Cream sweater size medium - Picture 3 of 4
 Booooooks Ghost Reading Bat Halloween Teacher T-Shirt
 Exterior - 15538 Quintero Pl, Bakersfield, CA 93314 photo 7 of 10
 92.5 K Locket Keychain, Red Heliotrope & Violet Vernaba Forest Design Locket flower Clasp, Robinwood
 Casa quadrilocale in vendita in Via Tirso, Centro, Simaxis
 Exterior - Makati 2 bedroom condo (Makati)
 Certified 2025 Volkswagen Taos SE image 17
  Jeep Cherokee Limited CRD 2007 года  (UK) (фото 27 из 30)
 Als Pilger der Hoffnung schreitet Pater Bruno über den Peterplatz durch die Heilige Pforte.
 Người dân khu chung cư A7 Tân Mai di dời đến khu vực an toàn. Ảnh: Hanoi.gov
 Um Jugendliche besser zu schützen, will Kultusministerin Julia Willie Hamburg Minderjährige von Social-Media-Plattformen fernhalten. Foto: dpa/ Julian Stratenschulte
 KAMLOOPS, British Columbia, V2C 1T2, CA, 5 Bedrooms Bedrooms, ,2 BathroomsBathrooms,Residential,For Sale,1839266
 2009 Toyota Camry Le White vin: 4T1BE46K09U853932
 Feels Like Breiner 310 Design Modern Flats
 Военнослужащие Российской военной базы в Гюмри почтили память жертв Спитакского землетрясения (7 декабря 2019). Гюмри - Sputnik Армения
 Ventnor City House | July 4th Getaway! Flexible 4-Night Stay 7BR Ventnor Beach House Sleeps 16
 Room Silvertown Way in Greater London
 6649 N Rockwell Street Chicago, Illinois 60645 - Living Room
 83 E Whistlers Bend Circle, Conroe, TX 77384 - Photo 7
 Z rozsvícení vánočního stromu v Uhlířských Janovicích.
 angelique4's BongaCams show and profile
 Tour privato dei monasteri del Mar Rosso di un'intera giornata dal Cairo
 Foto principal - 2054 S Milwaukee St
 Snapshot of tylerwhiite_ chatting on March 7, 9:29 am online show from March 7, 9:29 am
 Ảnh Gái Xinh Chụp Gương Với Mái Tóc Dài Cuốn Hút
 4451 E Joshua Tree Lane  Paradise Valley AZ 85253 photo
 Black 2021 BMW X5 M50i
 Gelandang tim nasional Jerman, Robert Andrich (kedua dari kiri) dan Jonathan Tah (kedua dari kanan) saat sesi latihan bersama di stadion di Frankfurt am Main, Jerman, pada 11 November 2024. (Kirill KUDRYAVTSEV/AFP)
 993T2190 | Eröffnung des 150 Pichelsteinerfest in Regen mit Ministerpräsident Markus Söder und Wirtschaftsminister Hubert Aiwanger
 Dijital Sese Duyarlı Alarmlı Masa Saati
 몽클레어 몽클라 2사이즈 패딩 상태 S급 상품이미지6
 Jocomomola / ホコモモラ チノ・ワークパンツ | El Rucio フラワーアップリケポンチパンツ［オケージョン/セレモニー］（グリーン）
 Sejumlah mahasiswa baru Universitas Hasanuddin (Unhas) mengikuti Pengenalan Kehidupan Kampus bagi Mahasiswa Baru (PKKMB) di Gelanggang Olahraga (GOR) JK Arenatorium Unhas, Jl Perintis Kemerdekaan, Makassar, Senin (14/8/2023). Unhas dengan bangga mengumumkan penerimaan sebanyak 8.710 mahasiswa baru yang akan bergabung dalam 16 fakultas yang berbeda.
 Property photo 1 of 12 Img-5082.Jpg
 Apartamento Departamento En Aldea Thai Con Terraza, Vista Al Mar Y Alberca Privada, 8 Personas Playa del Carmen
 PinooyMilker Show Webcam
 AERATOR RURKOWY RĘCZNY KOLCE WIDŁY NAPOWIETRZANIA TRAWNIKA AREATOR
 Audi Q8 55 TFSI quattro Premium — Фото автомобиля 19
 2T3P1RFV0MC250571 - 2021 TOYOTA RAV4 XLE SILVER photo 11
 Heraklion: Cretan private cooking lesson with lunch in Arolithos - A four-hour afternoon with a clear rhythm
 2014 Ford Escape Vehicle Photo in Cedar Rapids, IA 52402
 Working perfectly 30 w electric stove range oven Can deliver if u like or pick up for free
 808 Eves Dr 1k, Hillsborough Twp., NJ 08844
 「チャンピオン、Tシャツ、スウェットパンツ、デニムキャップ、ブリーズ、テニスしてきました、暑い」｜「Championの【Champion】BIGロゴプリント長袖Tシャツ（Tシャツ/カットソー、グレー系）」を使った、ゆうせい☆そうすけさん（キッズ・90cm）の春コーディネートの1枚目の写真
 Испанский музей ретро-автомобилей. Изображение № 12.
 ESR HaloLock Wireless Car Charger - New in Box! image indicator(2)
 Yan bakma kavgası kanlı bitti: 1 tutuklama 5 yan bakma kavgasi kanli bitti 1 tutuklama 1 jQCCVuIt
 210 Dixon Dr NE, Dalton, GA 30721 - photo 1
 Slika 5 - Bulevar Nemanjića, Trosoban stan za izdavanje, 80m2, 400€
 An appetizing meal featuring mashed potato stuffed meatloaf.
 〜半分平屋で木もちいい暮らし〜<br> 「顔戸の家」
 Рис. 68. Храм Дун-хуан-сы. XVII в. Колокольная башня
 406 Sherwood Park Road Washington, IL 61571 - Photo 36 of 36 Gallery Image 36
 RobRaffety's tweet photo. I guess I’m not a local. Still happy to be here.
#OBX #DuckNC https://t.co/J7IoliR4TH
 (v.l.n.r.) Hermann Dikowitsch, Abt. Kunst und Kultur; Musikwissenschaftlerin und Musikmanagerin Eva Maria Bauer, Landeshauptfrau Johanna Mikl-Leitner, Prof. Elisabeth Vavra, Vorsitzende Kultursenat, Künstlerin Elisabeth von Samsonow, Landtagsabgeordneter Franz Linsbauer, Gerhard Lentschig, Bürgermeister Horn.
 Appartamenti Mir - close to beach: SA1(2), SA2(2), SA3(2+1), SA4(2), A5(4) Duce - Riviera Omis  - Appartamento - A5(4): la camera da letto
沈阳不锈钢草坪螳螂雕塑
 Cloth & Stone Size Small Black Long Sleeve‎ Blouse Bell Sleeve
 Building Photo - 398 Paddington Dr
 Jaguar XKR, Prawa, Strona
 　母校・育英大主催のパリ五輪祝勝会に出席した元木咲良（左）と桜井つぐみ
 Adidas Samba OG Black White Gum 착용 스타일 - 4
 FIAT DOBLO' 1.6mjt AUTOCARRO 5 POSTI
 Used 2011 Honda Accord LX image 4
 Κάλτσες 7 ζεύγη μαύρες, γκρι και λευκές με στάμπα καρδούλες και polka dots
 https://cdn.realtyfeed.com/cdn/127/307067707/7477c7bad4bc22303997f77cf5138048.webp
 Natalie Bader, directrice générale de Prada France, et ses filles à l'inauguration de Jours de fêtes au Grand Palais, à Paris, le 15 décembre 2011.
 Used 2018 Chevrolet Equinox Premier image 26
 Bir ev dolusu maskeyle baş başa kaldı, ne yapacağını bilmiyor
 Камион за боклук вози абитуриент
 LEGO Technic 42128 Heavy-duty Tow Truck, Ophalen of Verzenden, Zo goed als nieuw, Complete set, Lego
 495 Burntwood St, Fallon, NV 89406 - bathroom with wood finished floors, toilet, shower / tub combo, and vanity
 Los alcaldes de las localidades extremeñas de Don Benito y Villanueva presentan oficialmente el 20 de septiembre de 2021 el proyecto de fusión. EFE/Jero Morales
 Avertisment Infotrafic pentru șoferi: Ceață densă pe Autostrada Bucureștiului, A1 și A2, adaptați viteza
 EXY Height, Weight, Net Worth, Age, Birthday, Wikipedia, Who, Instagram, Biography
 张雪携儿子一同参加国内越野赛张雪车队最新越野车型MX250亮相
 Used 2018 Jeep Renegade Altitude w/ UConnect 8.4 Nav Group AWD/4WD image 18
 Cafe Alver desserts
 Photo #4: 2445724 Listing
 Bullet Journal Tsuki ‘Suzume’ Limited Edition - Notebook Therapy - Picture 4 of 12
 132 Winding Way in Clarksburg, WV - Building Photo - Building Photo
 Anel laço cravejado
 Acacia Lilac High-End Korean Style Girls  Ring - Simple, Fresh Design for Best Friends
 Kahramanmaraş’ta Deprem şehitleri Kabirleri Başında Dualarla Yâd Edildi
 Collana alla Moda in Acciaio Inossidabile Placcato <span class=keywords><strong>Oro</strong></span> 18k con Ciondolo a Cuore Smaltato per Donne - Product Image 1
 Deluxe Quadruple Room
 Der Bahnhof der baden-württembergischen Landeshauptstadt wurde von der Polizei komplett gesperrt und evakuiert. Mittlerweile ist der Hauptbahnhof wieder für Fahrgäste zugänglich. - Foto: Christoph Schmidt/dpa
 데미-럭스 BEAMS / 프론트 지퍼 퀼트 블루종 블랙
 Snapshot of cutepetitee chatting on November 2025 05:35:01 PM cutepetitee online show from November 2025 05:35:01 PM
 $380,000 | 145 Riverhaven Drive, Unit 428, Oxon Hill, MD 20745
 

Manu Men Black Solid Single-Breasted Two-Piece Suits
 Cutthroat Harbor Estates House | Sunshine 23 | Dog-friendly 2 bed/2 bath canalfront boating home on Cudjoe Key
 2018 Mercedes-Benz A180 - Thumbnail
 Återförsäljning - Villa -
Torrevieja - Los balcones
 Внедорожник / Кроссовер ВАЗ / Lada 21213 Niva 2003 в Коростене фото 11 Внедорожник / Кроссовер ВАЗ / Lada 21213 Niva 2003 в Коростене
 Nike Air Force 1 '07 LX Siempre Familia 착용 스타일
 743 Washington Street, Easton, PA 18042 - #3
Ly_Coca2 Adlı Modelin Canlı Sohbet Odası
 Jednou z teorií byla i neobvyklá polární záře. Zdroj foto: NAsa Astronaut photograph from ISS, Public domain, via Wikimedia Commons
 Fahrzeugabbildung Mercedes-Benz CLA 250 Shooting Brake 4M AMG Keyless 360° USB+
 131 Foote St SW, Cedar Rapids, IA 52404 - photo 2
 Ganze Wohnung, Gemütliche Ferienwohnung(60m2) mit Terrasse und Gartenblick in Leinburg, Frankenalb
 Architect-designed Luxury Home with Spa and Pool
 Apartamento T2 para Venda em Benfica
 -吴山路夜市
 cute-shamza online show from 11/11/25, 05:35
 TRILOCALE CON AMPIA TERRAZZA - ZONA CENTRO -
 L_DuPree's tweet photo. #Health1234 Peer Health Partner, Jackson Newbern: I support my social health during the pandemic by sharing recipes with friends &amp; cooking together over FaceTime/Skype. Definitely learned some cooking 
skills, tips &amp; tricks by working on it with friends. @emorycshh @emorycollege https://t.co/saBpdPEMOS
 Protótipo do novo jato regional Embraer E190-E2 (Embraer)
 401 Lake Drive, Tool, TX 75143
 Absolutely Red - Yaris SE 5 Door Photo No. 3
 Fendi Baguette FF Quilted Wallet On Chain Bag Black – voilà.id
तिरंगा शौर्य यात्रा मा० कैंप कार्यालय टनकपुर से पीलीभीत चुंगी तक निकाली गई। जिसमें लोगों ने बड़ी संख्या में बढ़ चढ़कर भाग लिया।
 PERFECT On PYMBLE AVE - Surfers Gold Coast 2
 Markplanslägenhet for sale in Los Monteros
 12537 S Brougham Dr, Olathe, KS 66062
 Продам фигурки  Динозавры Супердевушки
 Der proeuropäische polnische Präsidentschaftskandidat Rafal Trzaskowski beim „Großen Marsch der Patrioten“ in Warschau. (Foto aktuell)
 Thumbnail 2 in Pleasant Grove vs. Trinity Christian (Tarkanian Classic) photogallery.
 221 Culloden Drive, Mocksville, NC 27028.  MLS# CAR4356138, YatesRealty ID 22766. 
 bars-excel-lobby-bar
########################################
▶ _YOUR GOAL_: Your response should be the exact lines running from the one with "Absolutely Red - Yaris SE 5 Door Photo No. 3" to the final line of the material above.

▶ _SOLUTION TO THIS TASK_:
 Absolutely Red - Yaris SE 5 Door Photo No. 3
 Fendi Baguette FF Quilted Wallet On Chain Bag Black – voilà.id
तिरंगा शौर्य यात्रा मा० कैंप कार्यालय टनकपुर से पीलीभीत चुंगी तक निकाली गई। जिसमें लोगों ने बड़ी संख्या में बढ़ चढ़कर भाग लिया।
 PERFECT On PYMBLE AVE - Surfers Gold Coast 2
 Markplanslägenhet for sale in Los Monteros
 12537 S Brougham Dr, Olathe, KS 66062
 Продам фигурки  Динозавры Супердевушки
 Der proeuropäische polnische Präsidentschaftskandidat Rafal Trzaskowski beim „Großen Marsch der Patrioten“ in Warschau. (Foto aktuell)
 Thumbnail 2 in Pleasant Grove vs. Trinity Christian (Tarkanian Classic) photogallery.
 221 Culloden Drive, Mocksville, NC 27028.  MLS# CAR4356138, YatesRealty ID 22766. 
 bars-excel-lobby-bar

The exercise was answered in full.